Saturday, July 19, 2008

Is ICD therapy being over-prescribed to us?

Think about this. A couple of months ago I attended a conference on Hypertrophic Cardiomyopathy where a leading cardiologist presented a slide that showed the U.S. as the number one country in defibrillator implants in the world.

The graph showed the U.S. with 421 implants per million population (2003 data). Germany was a far second with 133 implants per million. All other countries followed, Japan being the last on the list, with only 17 implants per million.

Just look at the graph and you must ask yourself:

Why the huge gap between us and them?

Is ICD therapy being over-prescribed to us? On the contrary, experts say. Despite us being ahead of the rest by a 3 to 1 ratio disparity, some doctors (and device makers) say that we still have a long way to go before we can raise the U.S. number of implants to what it really should be.

They claim that Sudden Cardiac Arrest (SCA) continues to be a leading cause of death in this country and that clinical evidence clearly supports ICDs as first-line therapy for prevention of SCA.

So, I get it. We need to be implanting a lot more ICDs to get our doctors and device manufacturers happy. But how many more?

Dr. Anne Curtis, director of cardiology at the University of South Florida and former president of the Heart Rhythm Society (HRS), says that this number should be between 700 and 1,100!

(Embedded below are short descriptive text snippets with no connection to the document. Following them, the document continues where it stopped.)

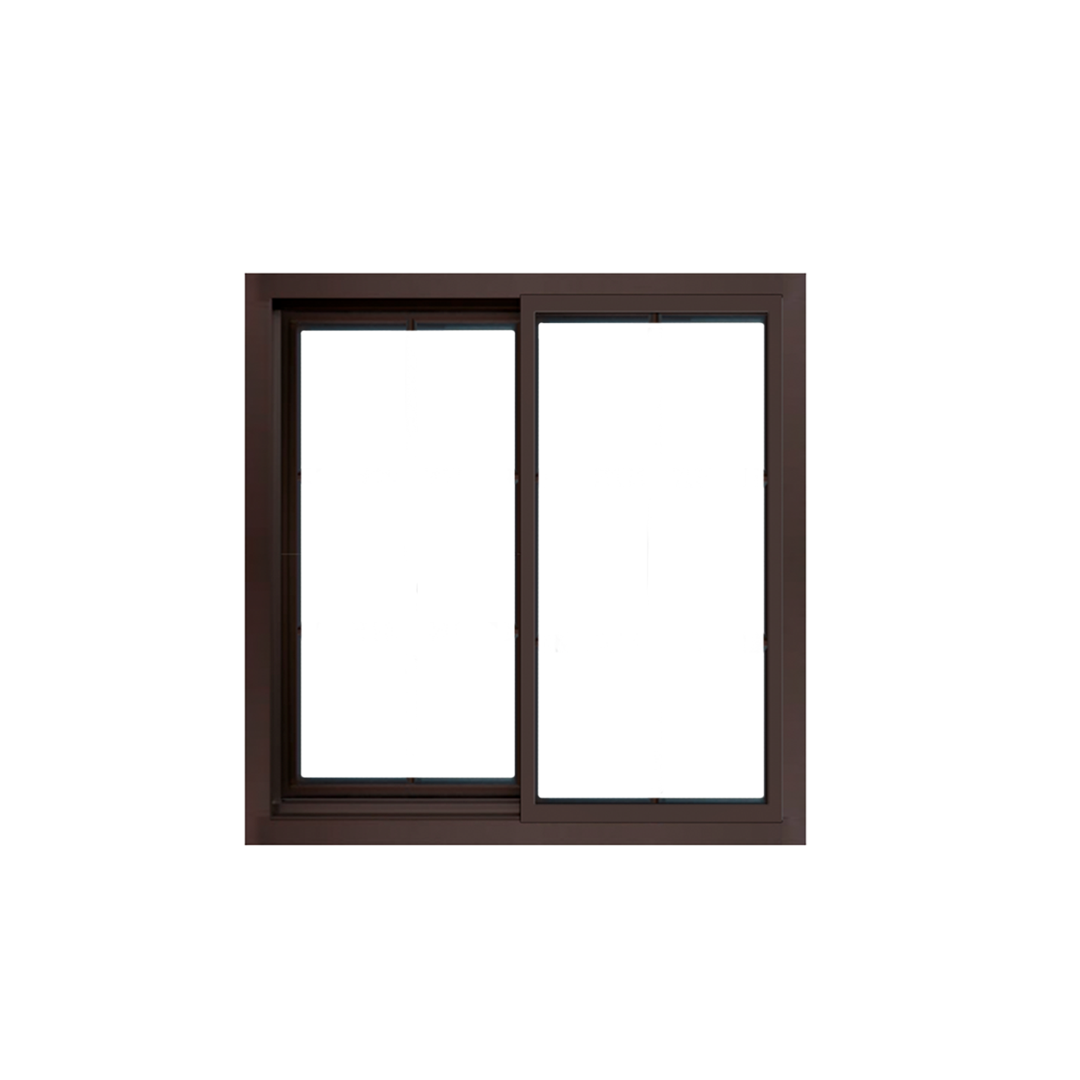 PVC WINDOWS - SMOOTH CHOCOLATES - THICKNESS 80MM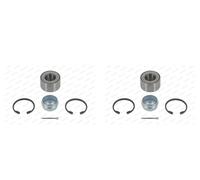 MOOG 2x Cubo Juego Cojinete Delantero de Rueda para Opel Meriva Corsa C Van Mk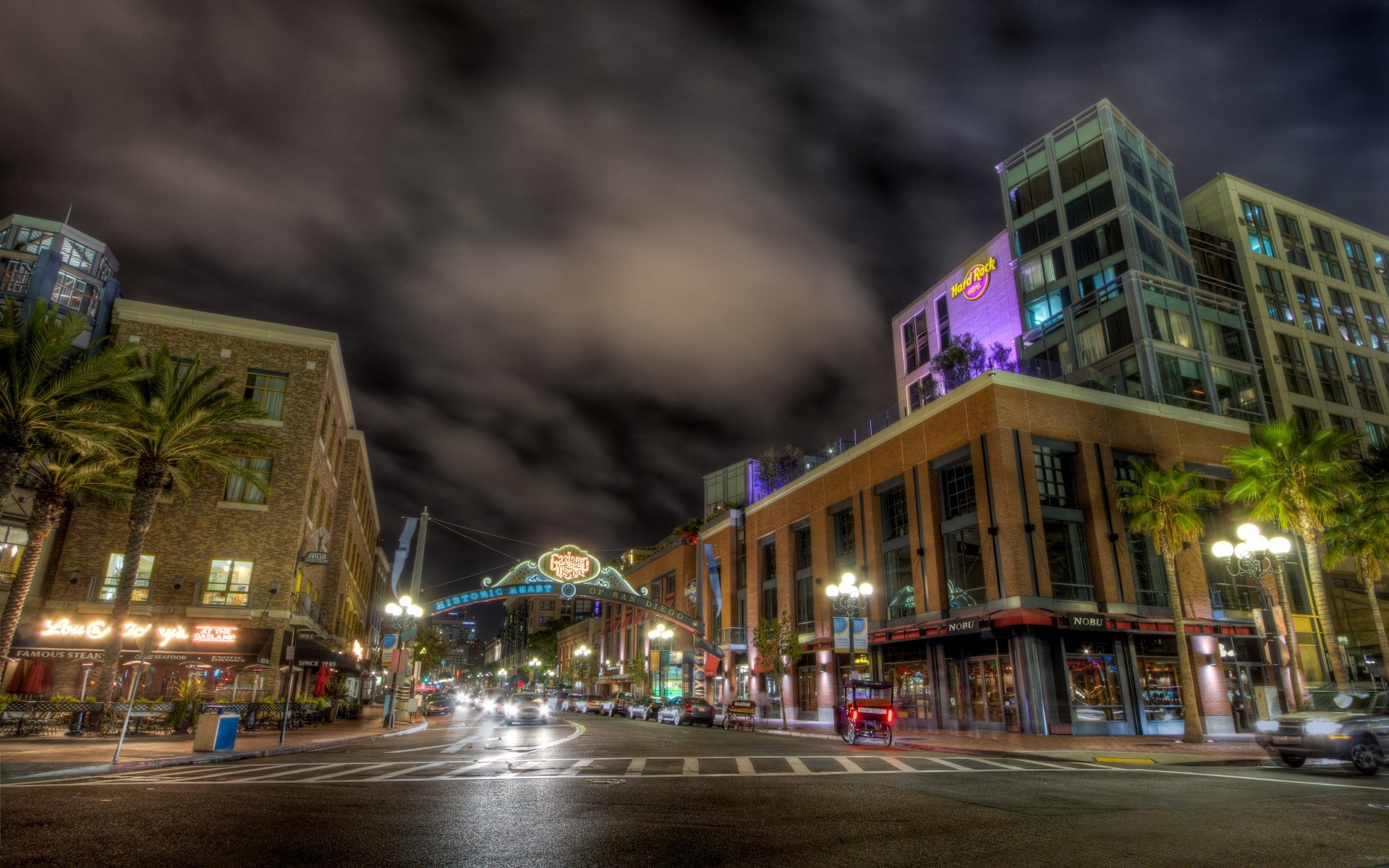 america road street travel city building evening light car urban transportation system architecture vehicle traffic dusk business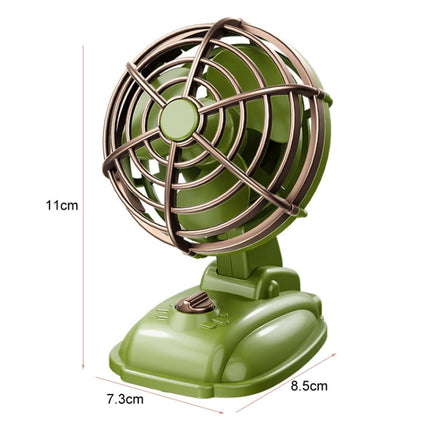 Mini ventilador eléctrico silencioso de escritorio para oficina, ventilador retro USB para escritorio para exteriores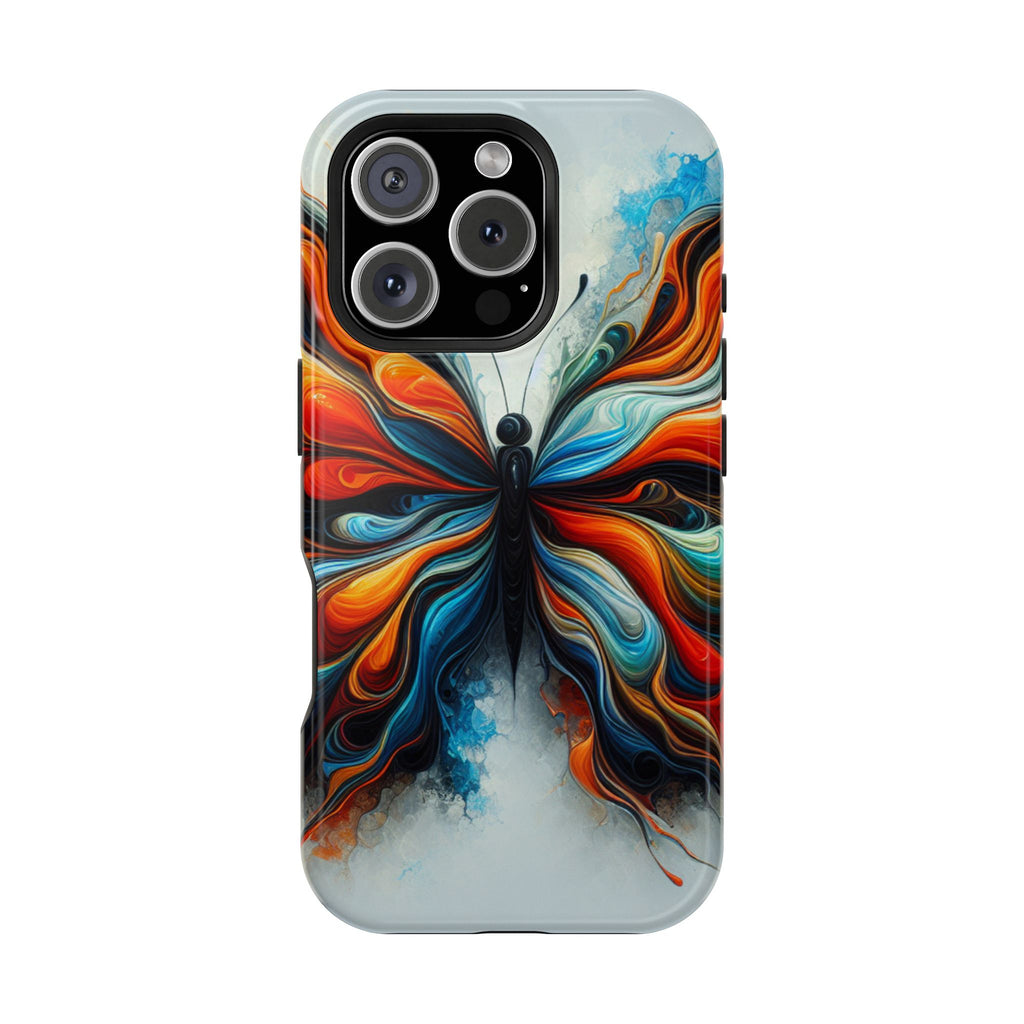 Vibrant Butterfly Impact Resistant Phone Case Unique Gift for Nature Lovers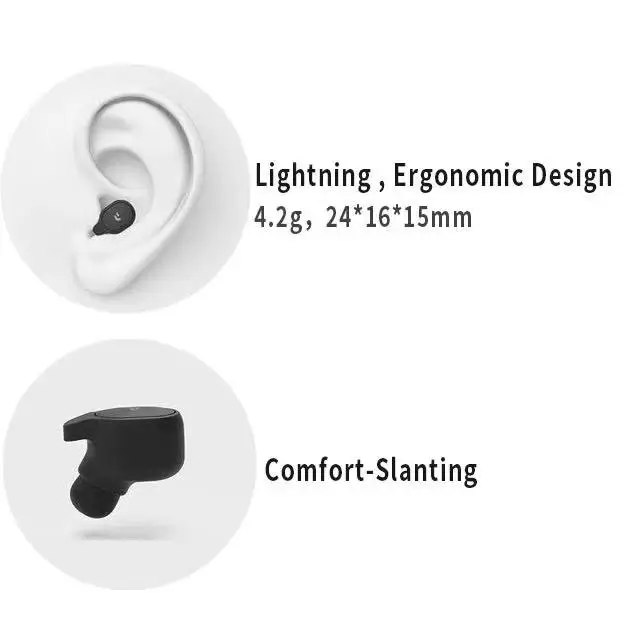 Peiko Translator Earphone Real Time 50 Languages Device Voice Wireless Generation2 PEIKO translation earbuds earphone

During a talk at the HRS 2008 conference on May 16 in San Francisco, Dr. Curtis explained:

There’s been some analysis of Managed Care in Medicare Databases showing that ICD usage is 416 per million population in the United States which has been contrasted with an identified range of over 700 to 1,100 ICD candidates per million. So we are using ICDs in only about half of the eligible patients.

(Watch the video on Medtronic’s site. Registration is required.)

She’s not alone. The report cited by Dr. Curtis concludes that, based on discharge diagnoses, many patients who could benefit from ICDs are not receiving this therapy today. The report ends by suggesting that the reasons for this “underutilization” of ICDs in the U.S. should be addressed.

As a pace-free and shock-free ICD recipient, and in face of such disparity, I have to wonder if I really needed my device.

After all, at an estimated cost of $90,000 over a lifetime, and in a world where big business often puts money before ethics, it’s hard not to raise an eyebrow.